CASTIGLIONE DELLA PESCAIA. Alla fine domenica 8 marzo, Peter Comandi e Sara Magliozzi bloccati da giorni a Dubai a causa della guerra nel Golfo, sono riusciti a tornare in Italia, nel loro paese a Castiglione della Pescaia.
Un viaggio per nulla semplice, passando per il Cairo ma comunque sufficiente a riportare in Italia i due castiglionesi, bloccati negli emirati Arabi dal conflitto aperto da Stati Uniti e Israele contro l’Iran.
Dubai era una tappa prima di raggiungere Bangkok
«È stata una vera avventura che però non auguro a nessuno – racconta proprio Peter Comandi, conosciutissimo geometra a Castiglione della Pescaia – giorni intensi, e la paura era proprio quella di non poter ripartire. Anche poco prima dell’imbarco è successo di tutto».
Ci spieghi cosa è successo.
«Dopo giorni di ricerca siamo riusciti a trovare un imbarco per l’Italia con scalo al Cairo in Egitto – spiega Comandi – così andiamo in aeroporto dove abbiamo dormito in attesa dell’imbarco la mattina presto alle 7. Siamo addirittura saliti sul pulmino che doveva accompagnarci all’aereo quando è scattato un nuovo allarme. È stato un fuggi fuggi generale. Sembrava che l’aeroporto fosse sotto attacco e anche li ci siamo spaventati molto. Nessuno sapeva cosa fare. Poi dopo un paio d’ore l’aeroporto è stato riaperto e i voli sono ripresi e questa volta siamo riusciti ad andarcene».
Peter e Sara volevano regalarsi qualche giorno a Dubai prima di andare a Bangkok, e fino al sabato sembrava una vacanza come tante altre, anzi all’inizio era diventata speciale fra il volo con un upgrade in classe superiore e la stanza più bella dell’hotel, che erano stati perfetti. Poi però i primi missili e scene di panico.
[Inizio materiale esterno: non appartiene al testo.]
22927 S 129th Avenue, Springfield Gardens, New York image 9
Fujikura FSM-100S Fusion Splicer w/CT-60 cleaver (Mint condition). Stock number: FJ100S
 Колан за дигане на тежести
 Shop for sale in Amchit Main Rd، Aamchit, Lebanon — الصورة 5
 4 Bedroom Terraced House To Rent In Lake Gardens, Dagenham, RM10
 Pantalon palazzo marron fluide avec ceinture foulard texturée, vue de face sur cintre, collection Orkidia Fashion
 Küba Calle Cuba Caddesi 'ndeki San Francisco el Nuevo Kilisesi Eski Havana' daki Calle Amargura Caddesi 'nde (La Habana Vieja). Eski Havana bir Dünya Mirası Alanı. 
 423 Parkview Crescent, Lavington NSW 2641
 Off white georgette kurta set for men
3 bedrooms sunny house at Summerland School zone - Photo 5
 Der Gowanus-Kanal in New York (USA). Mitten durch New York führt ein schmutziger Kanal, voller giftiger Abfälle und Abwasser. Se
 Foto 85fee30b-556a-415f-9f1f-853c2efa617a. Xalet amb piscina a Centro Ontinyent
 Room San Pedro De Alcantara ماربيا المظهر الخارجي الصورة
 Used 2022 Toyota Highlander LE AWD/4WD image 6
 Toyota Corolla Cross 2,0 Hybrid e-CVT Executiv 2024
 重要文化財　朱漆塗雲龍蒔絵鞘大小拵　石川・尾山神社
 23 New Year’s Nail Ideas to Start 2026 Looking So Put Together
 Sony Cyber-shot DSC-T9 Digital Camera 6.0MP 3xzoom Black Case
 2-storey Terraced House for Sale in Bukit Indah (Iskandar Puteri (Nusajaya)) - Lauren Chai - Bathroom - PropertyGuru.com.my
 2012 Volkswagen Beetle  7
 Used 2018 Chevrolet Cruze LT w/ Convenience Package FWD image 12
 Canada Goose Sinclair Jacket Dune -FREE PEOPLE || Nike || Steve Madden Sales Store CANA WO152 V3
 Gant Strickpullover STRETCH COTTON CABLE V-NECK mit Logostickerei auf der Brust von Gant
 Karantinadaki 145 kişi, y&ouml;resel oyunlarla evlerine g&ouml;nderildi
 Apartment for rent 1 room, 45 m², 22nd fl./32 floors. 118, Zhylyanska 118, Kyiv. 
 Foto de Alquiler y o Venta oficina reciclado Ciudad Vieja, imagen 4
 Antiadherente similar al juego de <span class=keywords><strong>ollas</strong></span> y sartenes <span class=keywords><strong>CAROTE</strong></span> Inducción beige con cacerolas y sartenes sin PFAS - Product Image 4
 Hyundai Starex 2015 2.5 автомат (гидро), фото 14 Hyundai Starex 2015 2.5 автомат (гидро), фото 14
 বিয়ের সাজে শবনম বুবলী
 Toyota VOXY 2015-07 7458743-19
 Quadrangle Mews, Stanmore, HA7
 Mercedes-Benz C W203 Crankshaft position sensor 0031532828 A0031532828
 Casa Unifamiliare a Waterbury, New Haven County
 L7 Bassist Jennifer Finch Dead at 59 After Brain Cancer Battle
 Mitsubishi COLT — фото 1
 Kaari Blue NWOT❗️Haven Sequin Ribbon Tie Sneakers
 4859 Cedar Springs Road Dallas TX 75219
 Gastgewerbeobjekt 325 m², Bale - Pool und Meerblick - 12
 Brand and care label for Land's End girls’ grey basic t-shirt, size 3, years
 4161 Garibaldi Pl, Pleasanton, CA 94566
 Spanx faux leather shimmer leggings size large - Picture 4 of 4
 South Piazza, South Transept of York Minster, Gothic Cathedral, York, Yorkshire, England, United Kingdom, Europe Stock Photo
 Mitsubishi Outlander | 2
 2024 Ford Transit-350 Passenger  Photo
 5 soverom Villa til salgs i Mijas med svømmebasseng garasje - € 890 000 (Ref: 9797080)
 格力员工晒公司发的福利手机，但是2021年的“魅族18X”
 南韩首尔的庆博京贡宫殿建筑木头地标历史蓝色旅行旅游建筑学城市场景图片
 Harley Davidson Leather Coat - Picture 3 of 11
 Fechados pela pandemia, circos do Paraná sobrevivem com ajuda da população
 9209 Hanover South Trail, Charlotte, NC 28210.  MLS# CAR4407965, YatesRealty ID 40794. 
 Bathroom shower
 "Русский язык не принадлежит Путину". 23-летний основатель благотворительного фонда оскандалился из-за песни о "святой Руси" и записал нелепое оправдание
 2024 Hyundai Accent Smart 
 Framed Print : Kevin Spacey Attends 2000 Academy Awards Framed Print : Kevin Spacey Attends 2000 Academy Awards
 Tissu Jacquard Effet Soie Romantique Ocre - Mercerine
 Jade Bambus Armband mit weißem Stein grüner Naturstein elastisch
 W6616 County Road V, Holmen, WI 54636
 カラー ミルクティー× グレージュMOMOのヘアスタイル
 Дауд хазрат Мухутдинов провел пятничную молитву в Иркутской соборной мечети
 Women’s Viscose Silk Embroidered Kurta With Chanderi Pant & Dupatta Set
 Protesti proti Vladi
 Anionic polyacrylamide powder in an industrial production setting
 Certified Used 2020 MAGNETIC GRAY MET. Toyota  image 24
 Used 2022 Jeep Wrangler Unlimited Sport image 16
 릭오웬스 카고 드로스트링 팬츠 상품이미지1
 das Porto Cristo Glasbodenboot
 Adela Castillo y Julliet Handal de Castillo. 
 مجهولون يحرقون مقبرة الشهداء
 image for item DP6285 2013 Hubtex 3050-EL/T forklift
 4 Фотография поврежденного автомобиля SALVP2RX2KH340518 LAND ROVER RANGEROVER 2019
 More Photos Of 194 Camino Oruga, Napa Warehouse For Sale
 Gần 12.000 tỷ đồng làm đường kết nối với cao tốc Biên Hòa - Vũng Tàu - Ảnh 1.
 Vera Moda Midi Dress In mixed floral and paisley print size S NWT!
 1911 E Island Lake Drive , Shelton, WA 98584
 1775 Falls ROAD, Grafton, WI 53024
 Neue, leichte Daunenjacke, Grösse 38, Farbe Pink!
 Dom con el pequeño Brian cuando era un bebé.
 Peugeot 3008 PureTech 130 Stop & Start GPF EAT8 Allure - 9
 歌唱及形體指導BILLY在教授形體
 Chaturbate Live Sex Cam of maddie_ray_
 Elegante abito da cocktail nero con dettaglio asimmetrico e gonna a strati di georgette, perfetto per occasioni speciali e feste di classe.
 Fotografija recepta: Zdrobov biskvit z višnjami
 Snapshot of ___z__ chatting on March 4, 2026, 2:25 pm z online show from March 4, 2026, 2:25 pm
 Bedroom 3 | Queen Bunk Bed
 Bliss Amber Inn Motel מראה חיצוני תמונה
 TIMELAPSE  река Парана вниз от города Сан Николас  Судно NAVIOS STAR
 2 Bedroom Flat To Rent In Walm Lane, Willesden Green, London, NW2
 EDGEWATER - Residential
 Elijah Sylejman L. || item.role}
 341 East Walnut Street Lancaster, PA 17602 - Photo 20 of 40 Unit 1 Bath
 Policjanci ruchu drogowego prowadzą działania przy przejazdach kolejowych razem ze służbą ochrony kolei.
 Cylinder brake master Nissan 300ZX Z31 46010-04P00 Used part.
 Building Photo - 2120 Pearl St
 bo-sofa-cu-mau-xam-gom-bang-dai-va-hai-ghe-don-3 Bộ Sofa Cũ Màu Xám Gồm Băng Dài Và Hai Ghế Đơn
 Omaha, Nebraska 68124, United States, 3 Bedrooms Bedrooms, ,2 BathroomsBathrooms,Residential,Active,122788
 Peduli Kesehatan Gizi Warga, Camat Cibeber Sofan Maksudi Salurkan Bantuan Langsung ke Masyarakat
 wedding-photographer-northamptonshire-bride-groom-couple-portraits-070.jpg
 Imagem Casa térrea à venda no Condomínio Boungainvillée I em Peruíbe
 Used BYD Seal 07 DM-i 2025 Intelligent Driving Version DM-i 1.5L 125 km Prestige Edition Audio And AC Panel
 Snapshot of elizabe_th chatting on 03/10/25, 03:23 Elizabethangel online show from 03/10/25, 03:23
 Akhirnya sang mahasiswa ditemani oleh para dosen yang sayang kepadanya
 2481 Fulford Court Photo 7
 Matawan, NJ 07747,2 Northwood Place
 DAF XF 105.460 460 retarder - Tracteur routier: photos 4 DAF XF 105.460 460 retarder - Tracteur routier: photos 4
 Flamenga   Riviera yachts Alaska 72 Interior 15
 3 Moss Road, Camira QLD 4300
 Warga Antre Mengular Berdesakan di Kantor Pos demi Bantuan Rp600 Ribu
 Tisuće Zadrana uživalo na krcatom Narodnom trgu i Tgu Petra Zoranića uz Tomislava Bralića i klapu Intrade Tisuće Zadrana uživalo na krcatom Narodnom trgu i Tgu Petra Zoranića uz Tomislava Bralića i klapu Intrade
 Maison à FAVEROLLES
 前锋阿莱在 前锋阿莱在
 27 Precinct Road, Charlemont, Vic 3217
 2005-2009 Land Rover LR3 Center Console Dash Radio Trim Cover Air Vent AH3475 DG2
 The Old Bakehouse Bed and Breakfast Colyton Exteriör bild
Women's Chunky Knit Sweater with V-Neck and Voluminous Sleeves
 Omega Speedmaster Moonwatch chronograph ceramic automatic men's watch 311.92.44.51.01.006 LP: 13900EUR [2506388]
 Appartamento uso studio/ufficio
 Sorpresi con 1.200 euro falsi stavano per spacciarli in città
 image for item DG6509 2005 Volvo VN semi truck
«Praticamente dalla finestra abbiamo assistito all’arrivo dei missili dall’Iran, abbattuti dalla contraerea – spiega Comandi – con i detriti che cadevano in mare. Sembrava un video gioco. Poi però la vita è continuata normalmente. Come turisti eravamo davvero impauriti. Basti pensare che siamo stati avvisati dall’Italia che era iniziata la guerra, a Dubai la ita scorreva regolarmente, come poi è stata nei giorni seguenti. Poi con i messaggi sul cellulare inviati dalla Farnesina, gli allarmi sono stati immediati. Ci vorrà ancora qualche giorno per smaltire l’adrenalina che abbiamo accumulato».